On Fri, Jan 1, 2016 at 2:53 PM, John Bafford <jbaff...@zort.net> wrote:

>
> > On Jan 1, 2016, at 13:28, Bishop Bettini <bis...@php.net> wrote:
>
> I think when I brought this up before, the major open discussion point
> before the thread died was what period of time constituted long enough for
> closing a waiting-on-submitter PR. 2 weeks is probably too short, but it
> seemed a reasonable minimum and something had to go into the RFC. I think 4
> weeks is probably a better place to start.
>

Warn at 2 weeks, close at 4?  There's no real harm in closing it unmerged:
the submitter can always resubmit.


> There was also some discussion on integration with bugs.php.net, and
> https://qa.php.net/pulls/ was mentioned, which seemed to be working until
> I started poking at it to see what it did, and now it’s not displaying
> anything. (oops!)
>

I think this is a valuable conversation to have, but not in the context of
this RFC.  Specifically, bugs.php.net is front-side support, while GitHub
PR is back-side integration.  There's a huge gap between the two, in terms
of what information is being gathered, analyzed, and worked.  Yes, bugs and
pulls can be related, but in the vast majority of cases they are not.  (Ie,
most reports are closed as won't fix <https://bugs.php.net/stats.php>.)

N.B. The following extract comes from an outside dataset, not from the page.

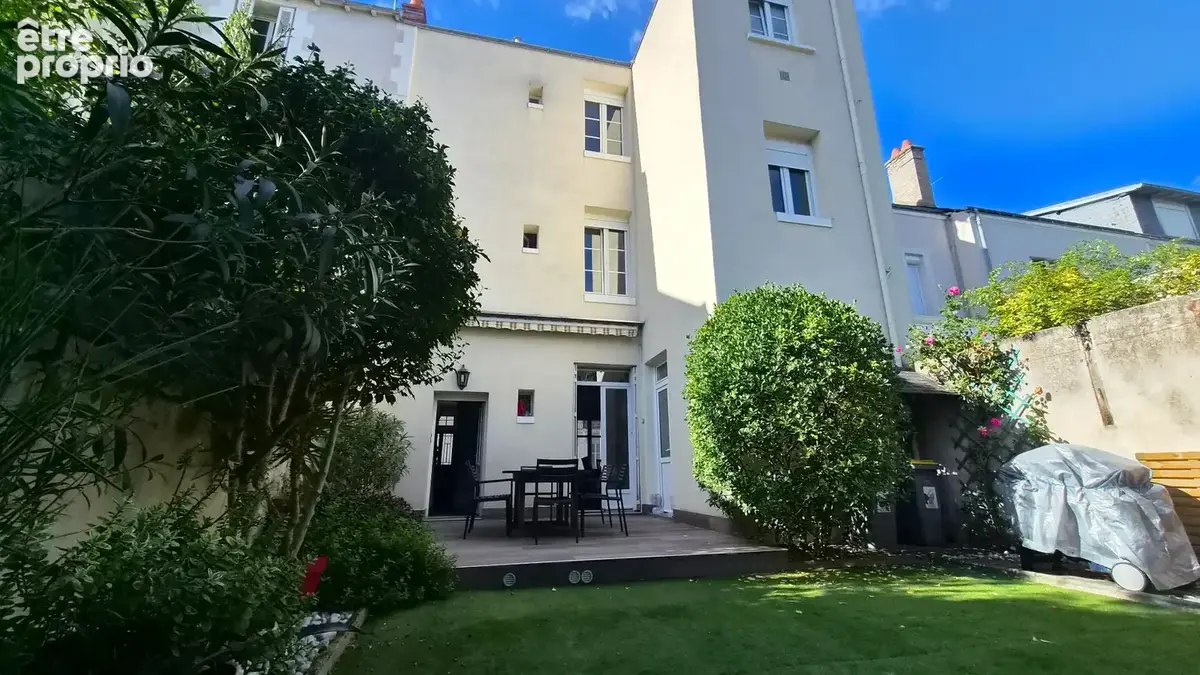 Maison - 180 m² - TOURS - photo 2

Also, there was the thought that it didn’t actually require an approved RFC
> to do, just people actually doing the work. (Which is probably true, but I
> created the RFC so as to have some ground rules for what said team’s
> responsibility would be.)
>

Because we're volunteers whose efforts are separated in time and space, I
think an RFC document helps keep the mission focused even as the team
evolves.  Besides, there was an RFC
<https://wiki.php.net/rfc/releaseprocess> for the release process, which
had a similar goal: to bring order to chaos.


> As written, that’s correct, though one of the follow-on proposals I
> intended to make after the team actually got established and was shown to
> be actually helping would be to ask for permission to merge trivial and
> obviously correct PRs (e.g. typo fixes or new/improved tests) since there’d
> be low risk of problems and allowing for a fast turn-around trivial things
> like that might help make it easier to include new people in the project,
> since those are the sort of low-hanging fruit that new devs often start
> with.
>

Seems to me the speed by which RM/Owners accept trivial PR is one measure
of the PR team's effectiveness.  Concept: Team tags the PR as trivial.
Team sends out a well-crafted summary email highlighting these low hanging
fruit.  RM/Owners accept.  If the PR queue is small, the PR team is tagging
well, then the acceptance lag should be small.